It may seem remarkable, within the framework of business ethics, to come up with some thoughts of Levinas. Indeed, Levinas himself did not speak about organizations or management, and even only occasionally about politics or social movements. Yet his name already for years continues to figure in philosophical studies on management and business ethics. As examples can be mentioned the articles by Samuel Mansell and Conceição Soares in Journal of Business Ethics, the special issue of Business Ethics A European Review 2007/16(3) to which among others David Bevan, Campbell Jones, Lucas Introna, John Desmond, Damian Byers and Carl Rhodes contributed, and the book Ethics and Economy: After Levinas by Dag Aasland (2009). Apparently Levinas’s work offers enough to be inspiring for business ethicists and organization studies scholars.

Badiou and differences

As mentioned, in pre-crisis thinking it was fashionable to think “that there are no fundamental clashes of ideologies or classes; that goodness can be assured if only we respect our differences from one another”. If, as announced in the Introduction, we want to confront these thoughts with Badiou’s thinking, in the latter we will have to look at the places where he speaks about social and political events. These constitute one of the four categories of events which Badiou distinguishes and which comprise apart from the socio-political events the categories of scientific events, artistic events and the events of love.

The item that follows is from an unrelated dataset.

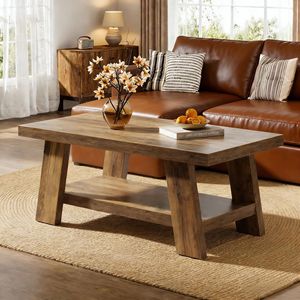 โต๊ะกลางสไตล์บ้านไร่ 2 ชั้น พร้อมที่เก็บของ สำหรับห้องนั่งเล่นหรือสำนักงาน - Product Image 1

The two socio-political Badiouian i
deas which may be opposed to the mentioned thoughts refer to ways of dealing with differences. These ideas (Badiou 2001: 41-45) can be formulated as follows :

1. There are not just insignificant differences in the world, there also are differences that matter because they are fundamental.
2. These differences are fundamental only when ideologies or social classes are involved.

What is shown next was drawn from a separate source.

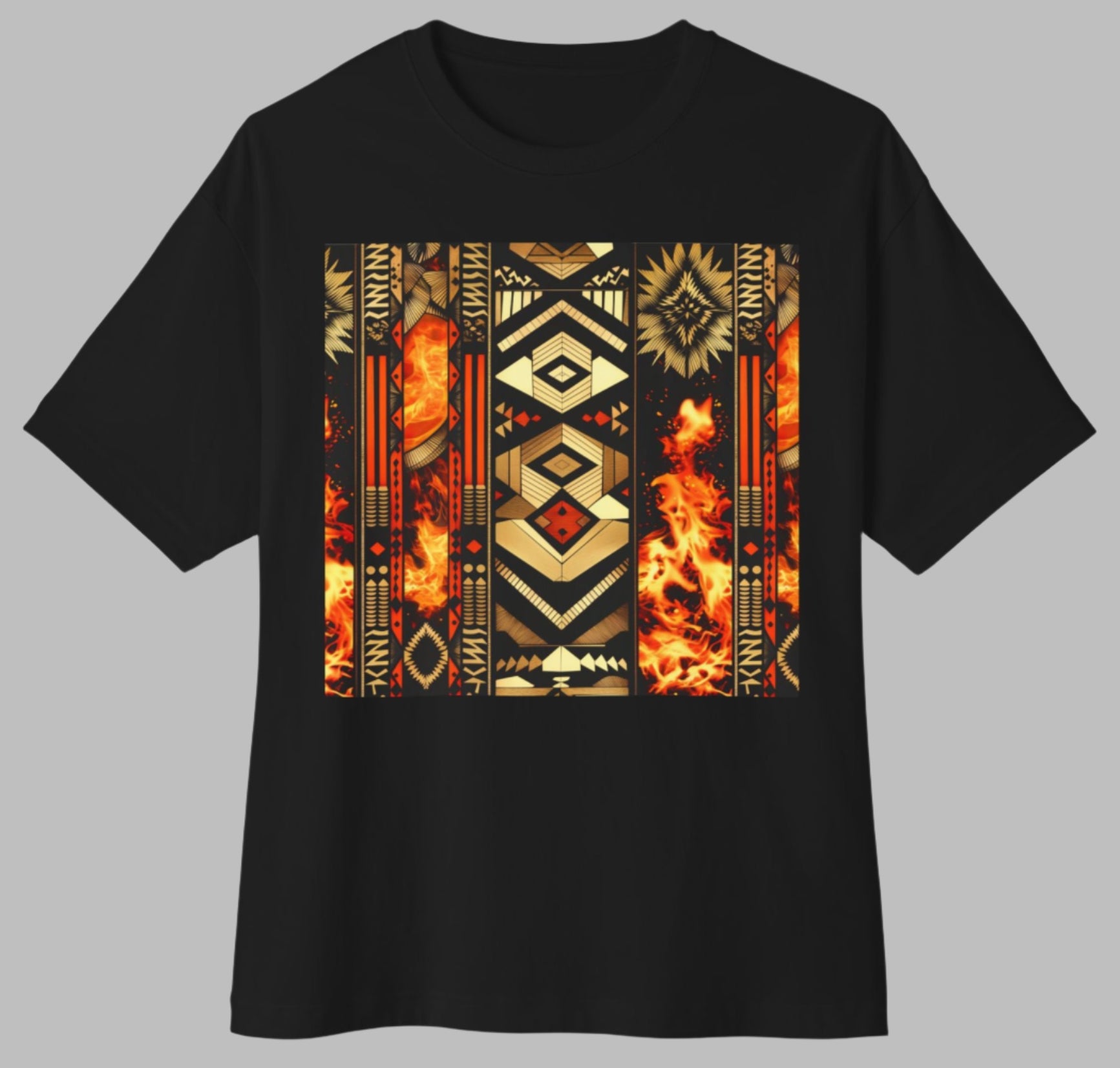 Flame of the Pacific – Abstract Fijian Tribal Flame T-Shirt front view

With the first of these two statements I fully agree: fundamental social differences do exist and to elucidate them is an ethical issue of the first order.

As for Badiou's second proposition, I agree with the first part of the sentence which links fundamental differences to ideologies. I don’t agree with the second part which links them by definition to social classes. The second part of the sentence suggests – and I find that confirmed in the work of Badiou, as far as I know it – that differences, if they are to be relevant, should always also take place in the interaction between groups of people.

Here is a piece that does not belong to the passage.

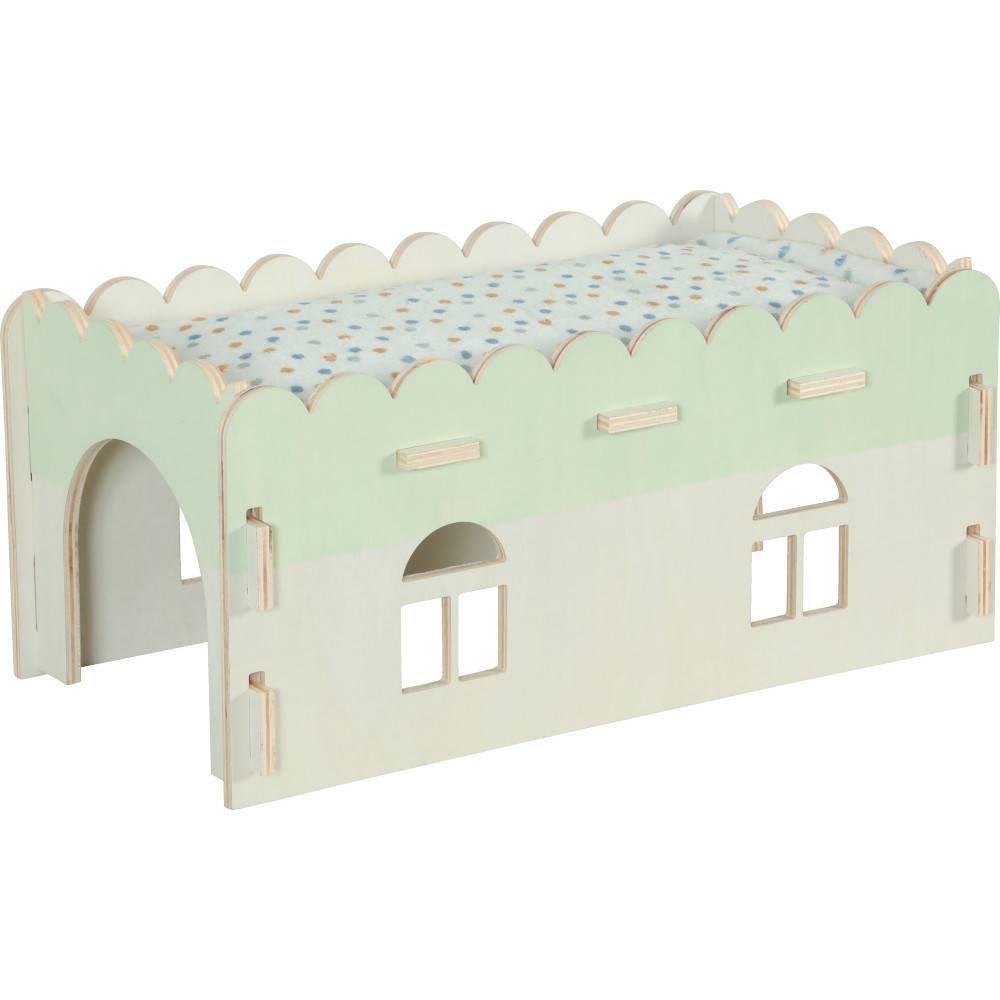 Zolux - Grande extension Maison bois cosy 25 x 44 x 20 cm lapin, cochon d'inde et octodon - Image 1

I do not think so, precisely because I agree with the first part of the sentence: I think the differences between ideologies are important. And precisely because the role ideologies play is as big in relationships between individuals as it is in the relationships between groups of people. That’s to say, ideologies play a role on the micro ánd the macro level. This is because in my view there is question of ideology whenever thinking becomes fixed or dogmatic. And that happens as easily within and between individuals as it happens between groups of people. That means that in my opinion there is a class of non-futile differences that take place in the interaction between only two or three people. This seems to be a category of differences which is unknown to Badiou.

Which differences are known to Badiou?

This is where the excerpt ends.